## Exercise objective
Where the line containing "#DemocratsAreDestroyingAmerica" appears in the entries below, start there and print only that line and every line after it, exactly, through the end, excluding pictures.

Scraped caption text data
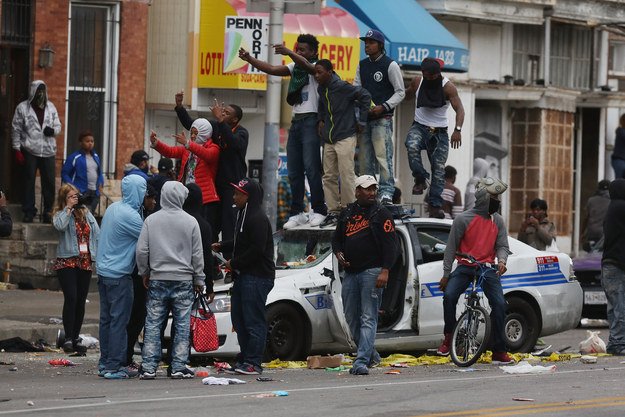 FrankCalahan6's tweet photo. Animals in democrat  @RepCummings district Baltimore doing what they do best !
#infestation 
#DemocratsAreDestroyingAmerica 
#WeAreBaltimore 
#LockThemAllUp https://t.co/3lCxa57m9F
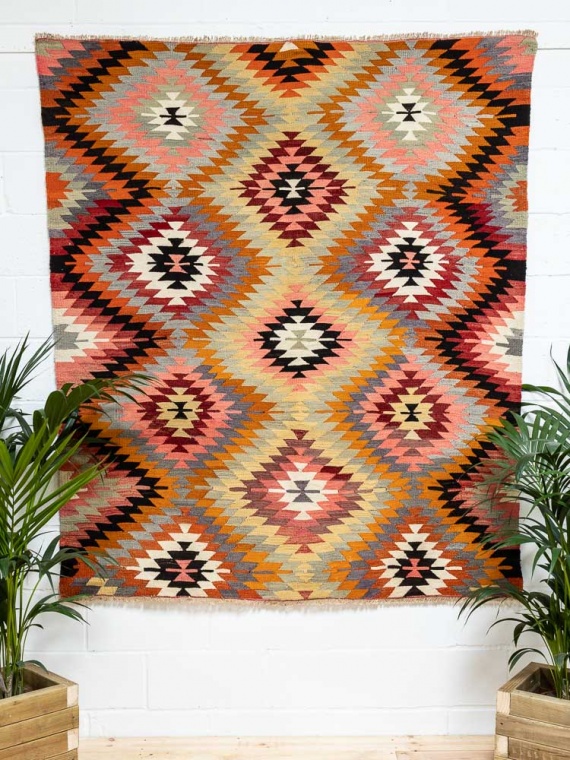 11717 Vintage Turkish Denizli Kilim Rug 178x203cm (5.10 x 6.8ft)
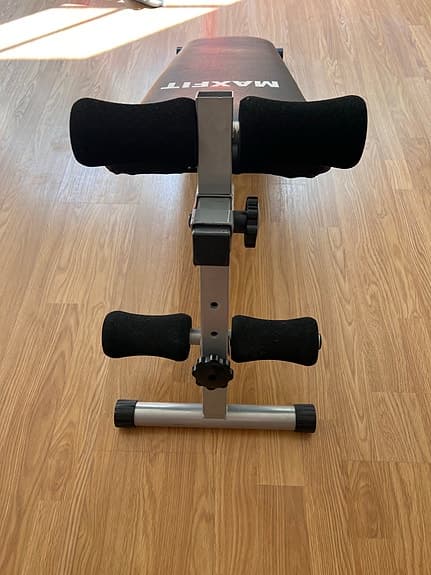 Maxfit träningsbänk för mage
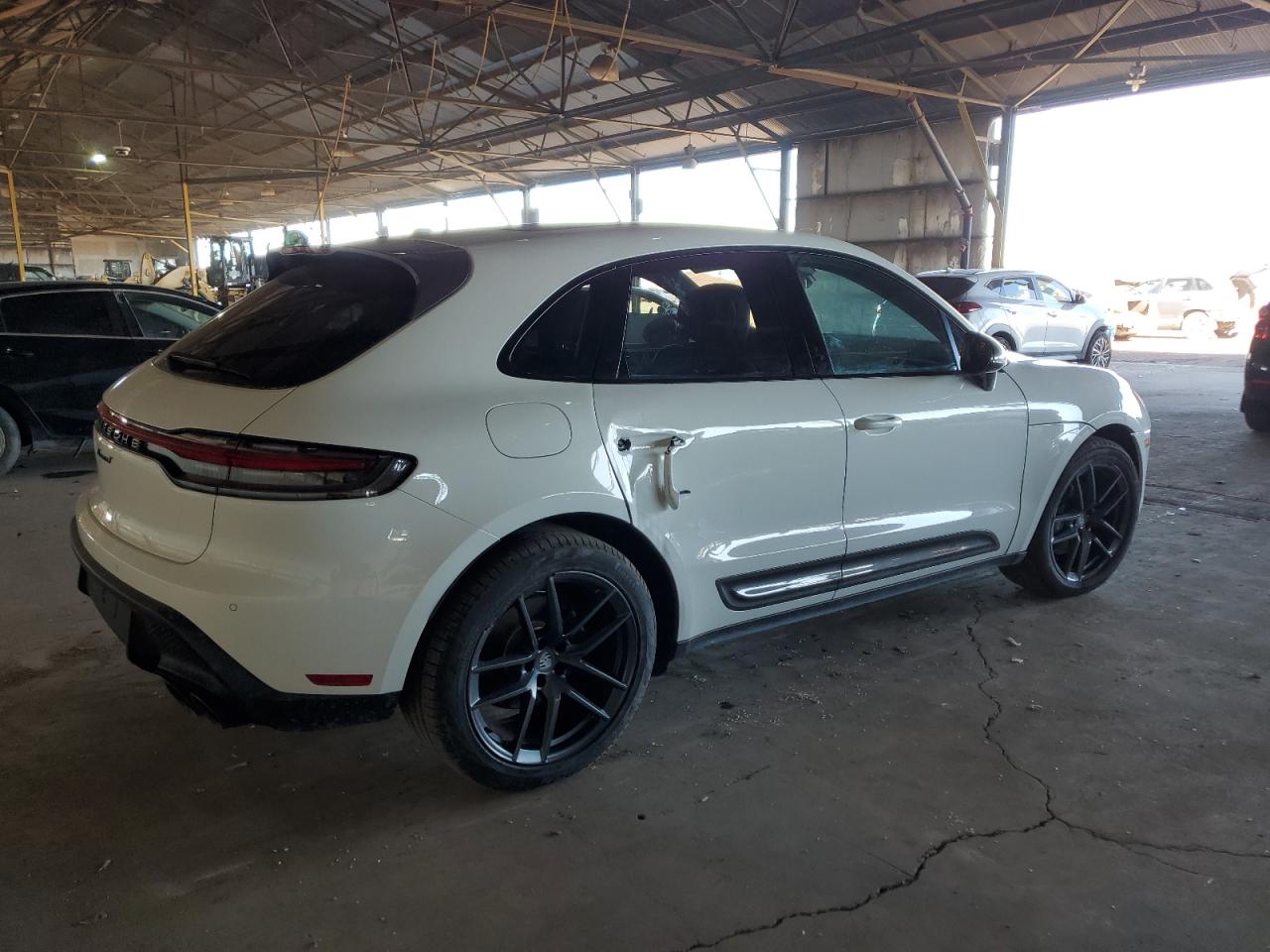 Lot #2962503783 2023 PORSCHE MACAN BASE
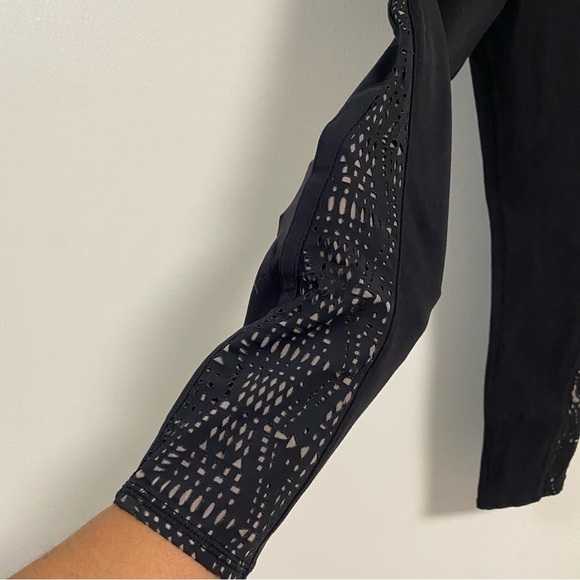 Alo Leggings Women’s Size Small Black Laser cutout Crop Black Leggings - Picture 4 of 11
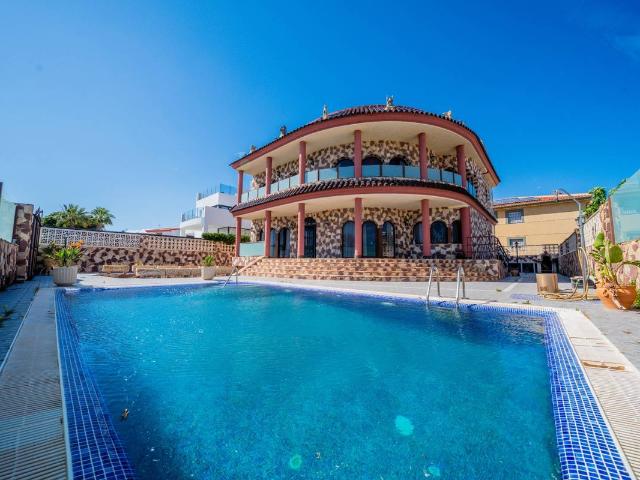 Casa chalet en Venta en La Zenia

## Task result
#DemocratsAreDestroyingAmerica 
#WeAreBaltimore 
#LockThemAllUp https://t.co/3lCxa57m9F
 11717 Vintage Turkish Denizli Kilim Rug 178x203cm (5.10 x 6.8ft)
 Maxfit träningsbänk för mage
 Lot #2962503783 2023 PORSCHE MACAN BASE
 Alo Leggings Women’s Size Small Black Laser cutout Crop Black Leggings - Picture 4 of 11
 Casa chalet en Venta en La Zenia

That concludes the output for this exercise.